Freddie Mercury, in full-stride, clutching his microphone. BB King, lost in his music while strumming Lucille. These and many other iconic images of rock stars are the work of Waukesha artist Tom Noll. Noll captures these musicians mid-performance, bringing a sharp focus to each portrait and amazing energy to each vibrant, abstract background that reinforces the movement of his subject.

Though inspired by artist LeRoy Neiman, Noll has no formal art training. "I took a summer school class where I learned how to draw faces and a night watercolor class when I was studying printing and publishing at Milwaukee Area Technical College," he says.

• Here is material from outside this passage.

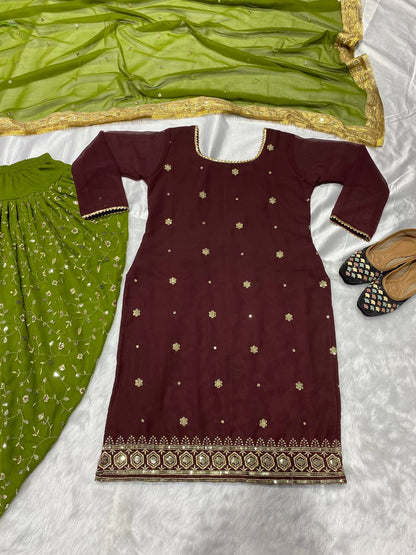 Designer Faux Georgette Dhoti Salwar Suit with Sequins Embroidery Work, Fully Stitched – Top, Dhoti & Dupatta Set for Women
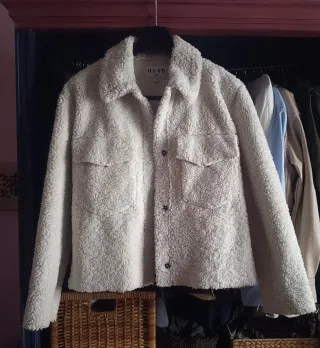 NA-KD Chaquetón Borreguillo Beige Talla M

His life took a business turn, and Noll worked at an ad agency for 16 years. "I was a big fish in a little pond, and I became what I was afraid of: someone working in a 'dog eat dog' world." A serious health scare in 2007 changed his life forever. "I turned a corner; I wanted to do art, to leave something behind. I pulled the plug on my day job."

Noll begins by finding photos and getting permission from the photographer. "I then compose on the computer and draw on canvas. I think about how I want the painting to look for weeks on end." His paintings are executed in oils and acrylics.

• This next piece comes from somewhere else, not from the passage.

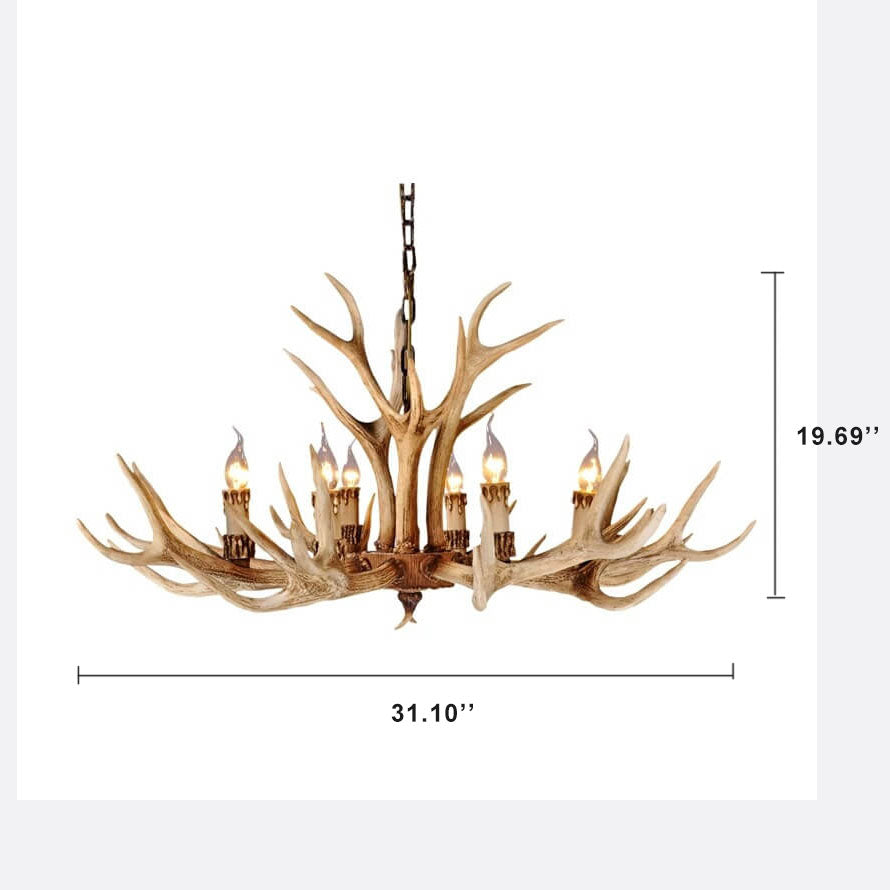 Suspension bois de cerf design en résine rustique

Noll's career took off thanks to local exposure and the Internet. He painted a 10-foot guitar featuring Les Paul and other musicians, and this structure spent three years as public art in various locations in Waukesha.

More than 40 of Noll's paintings will be featured in "Center Stage: A Century of Guitars" at the Kenosha Public Museum from Aug. 20, 2016 until February 2017.

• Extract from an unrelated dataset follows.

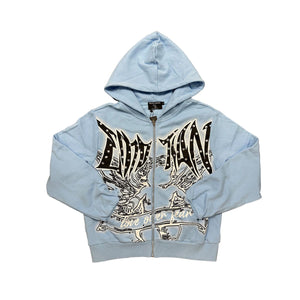 MIXED EMOTIONS Graffiti Zipper Hoodie (Blue)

Noll sells giclee print reproductions as well as his original paintings. Some of his subjects are now the owners of his work. "Gregg Allman has three pieces, members of ZZ Top and The Grateful Dead have paintings, and I will be meeting Sammy Hagar this summer." Noll accepts requests but there is one painting that will never leave his collection -his first portrait of reggae legend Bob Marley.